11.   Ce que le film a sans doute de plus étonnant, c’est sa manière de laisser les crimes dans une opacité absolue, sans aucune tentative d’explication, y compris dans le fait de ne pas les dramatiser: les scènes de meurtres sont impressionnantes parce qu’il n’y a pas d’effets de mise en scène. Comment cette forme s’est-elle imposée?
12.   A partir du moment où je m’aventurais à l’ombre de ce grand fait divers, dans ses lointains, le prix à payer était de filmer les meurtres. C’était compliqué dans ce type de narration d’évoquer la série – alors que ce n’est pas compliqué pour John Woo. Il fallait qu’il y ait quand même répétition, froide et inexpliquée. Je suis arrivée à la solution des deux meurtres pour évoquer la série. Comme on ne peut pas échapper à ces scènes, on ne peut pas non plus masquer les meurtres derrière une porte, sous une table, dans un coin, il faut qu’ils soient filmés plein champ. En même temps, ces scènes interdisent le montage, il faut les filmer en un seul plan. Sinon, ou c’est dégueulasse ou ce n’est pas très moral, on embellit le crime. Les meurtres, c’est un travail de mise en scène à part, il faut se demander comment on va filmer la mort. C’est pour ça que j’aime beaucoup les films de John Woo, parce que c’est une vraie pensée par rapport à l’image de la mort.

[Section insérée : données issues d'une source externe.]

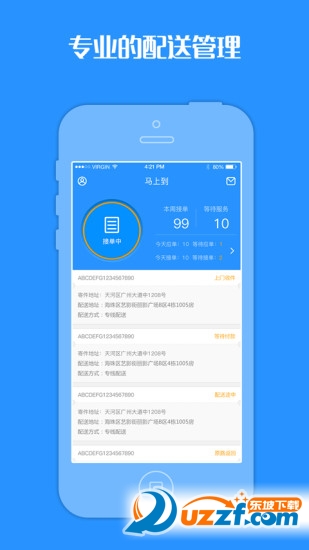 马上达马达版图2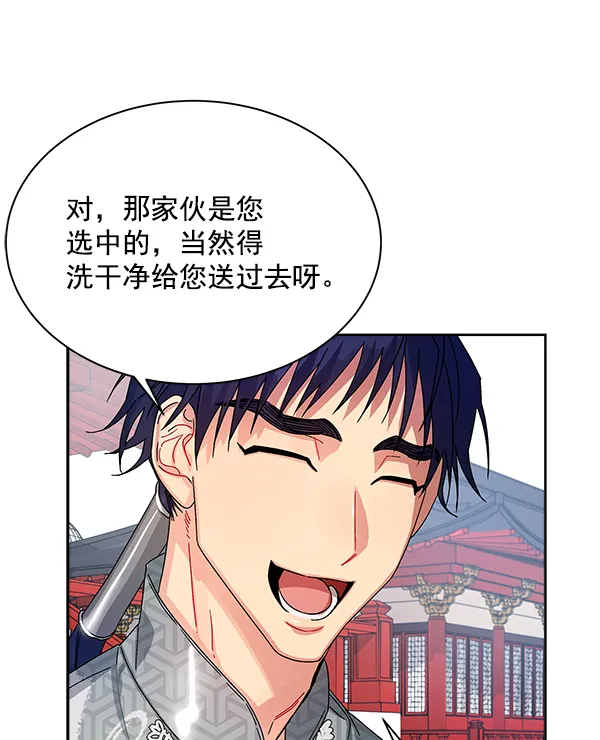 第11话 第50页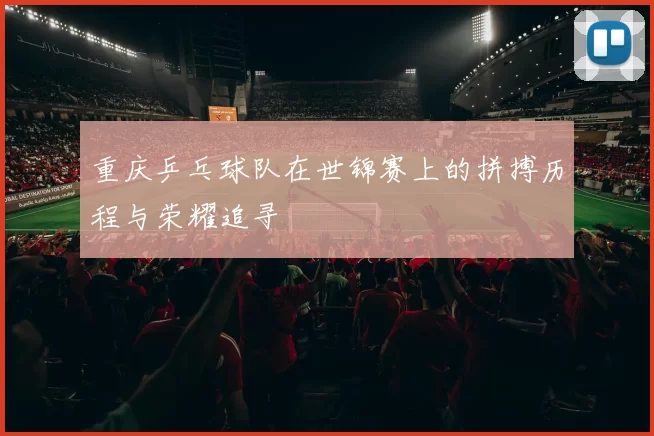重庆乒乓球队在世锦赛上的拼搏历程与荣耀追寻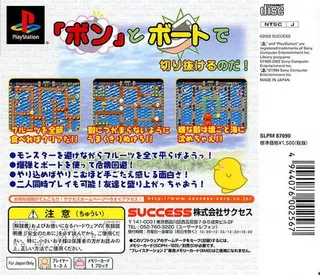 Super Lite Best Vol. 2 - Sanvein & Bomb Boat dos
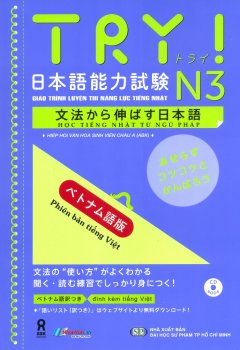 Giáo Trình Luyện Thi Năng Lực Tiếng Nhật Try! – N3 (Kèm 1 CD)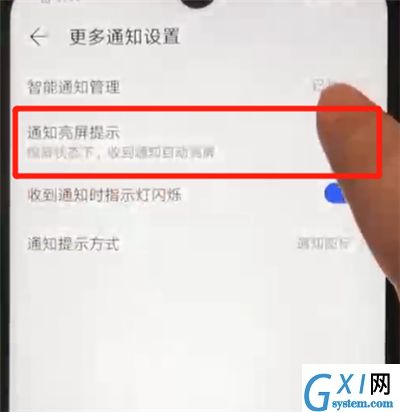 华为nova4e中关闭通知亮屏的操作教程截图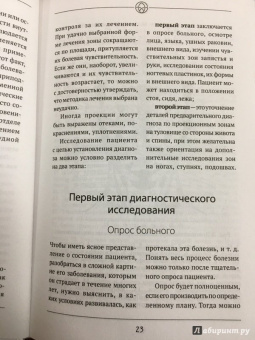 Александр Огулов: Висцеральный Массаж внутренних органов. Основы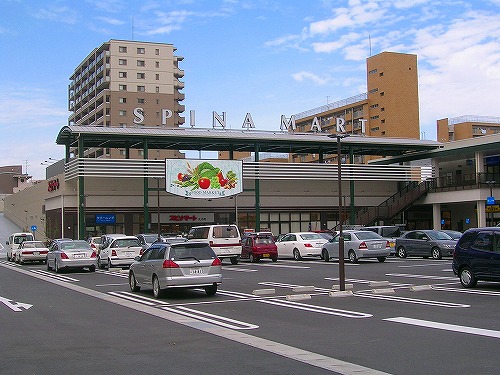 米谷木町第４ビル 周辺画像2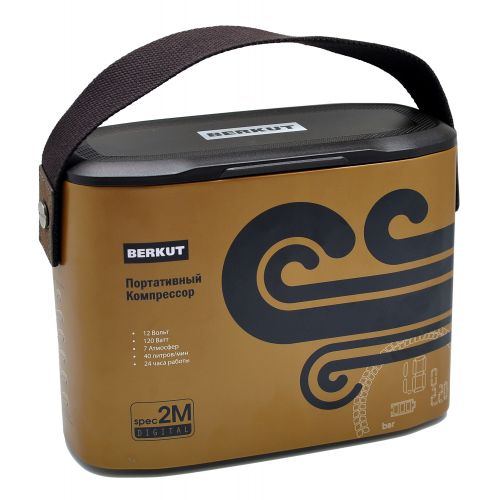 ������������� ���������� Berkut SPEC-2M 40�/��� ����� 0.6� (��-00002445)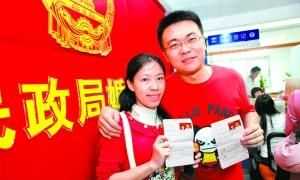 2021結(jié)婚證可以在異地辦理嗎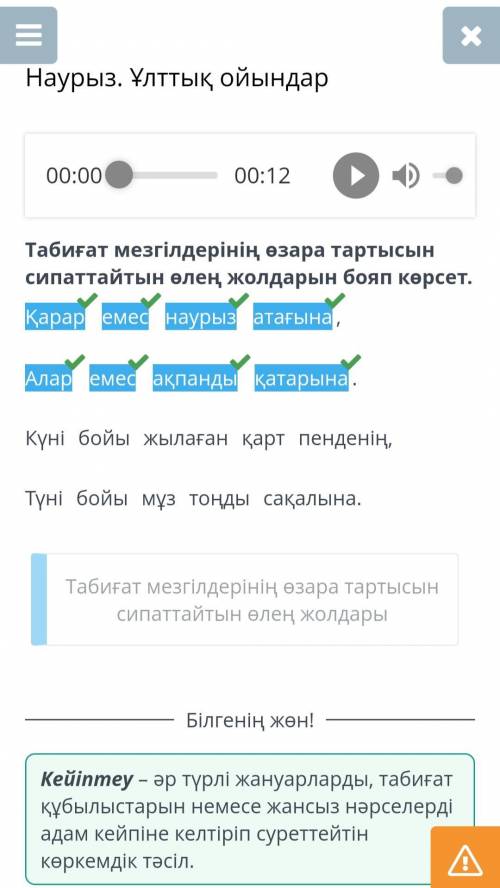 Табиғат мезгілдерінің өзара тартысын сипаттайтын өлең жолдарын бояп көрсет.Қарар емес наурыз атағына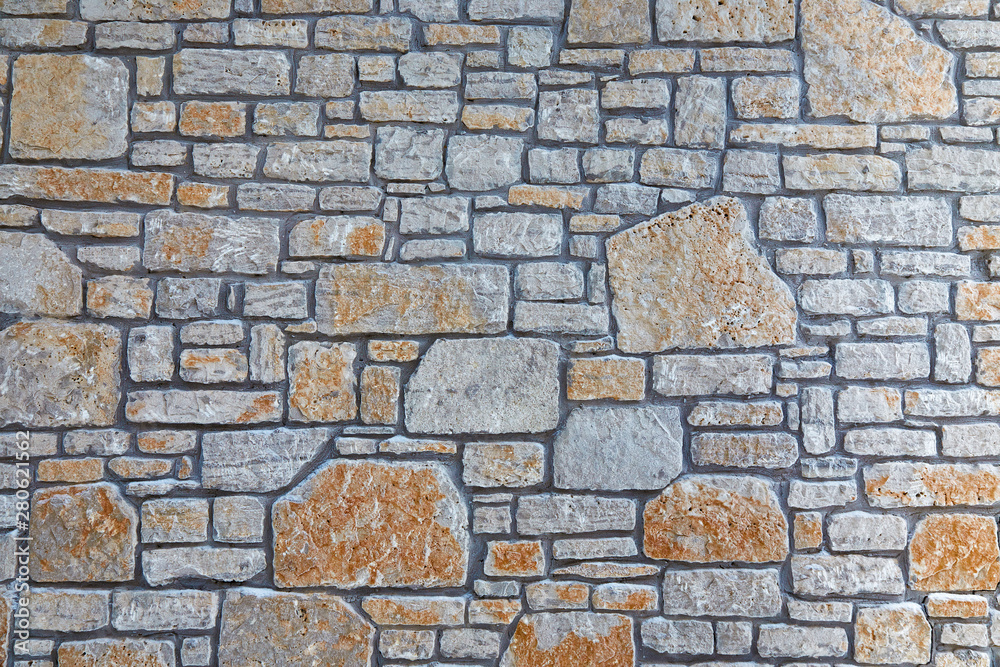 Fototapeta premium Seamless wall texture with gray stones in form of rectangle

13.   Dans ces scènes de meurtre, on ne peut pas se mettre à la place du tueur, qui serait la place d’une éventuelle jouissance dans la transgression, mais pas non plus à la place des victimes, qui serait celle d’une condamnation morale ou alors du suspense.
14.   La seule façon de m’approcher des victimes était de choisir une ou deux autres vieilles dames qui ne seraient pas attaquées mais potentiellement en danger, des personnages qui relaient l’idée de la victime. Il était important que la victime soit celle qu’on choisit dans la rue subitement, sans avoir le temps de réfléchir, sans avoir le temps de l’aimer un peu, probablement juste parce qu’elle n’est pas trop mal habillée et que l’immeuble est assez cossu. Je ne pouvais pas être avec la vieille dame avant le tueur.
15.   Après son arrestation, la presse avait présenté Thierry Paulin comme un garçon qui amait s’amuser, flambait l’argent qu’il volait à ses victimes en entretenant une sorte de cour, pour briller, comme l’exemple d’une jeunesse qui n’attache pas d’importance à la mort et veut faire la fête. Dans J’ai pas sommeil, même le bénéfice que le meutrier tire de ses meurtres reste très mystérieux.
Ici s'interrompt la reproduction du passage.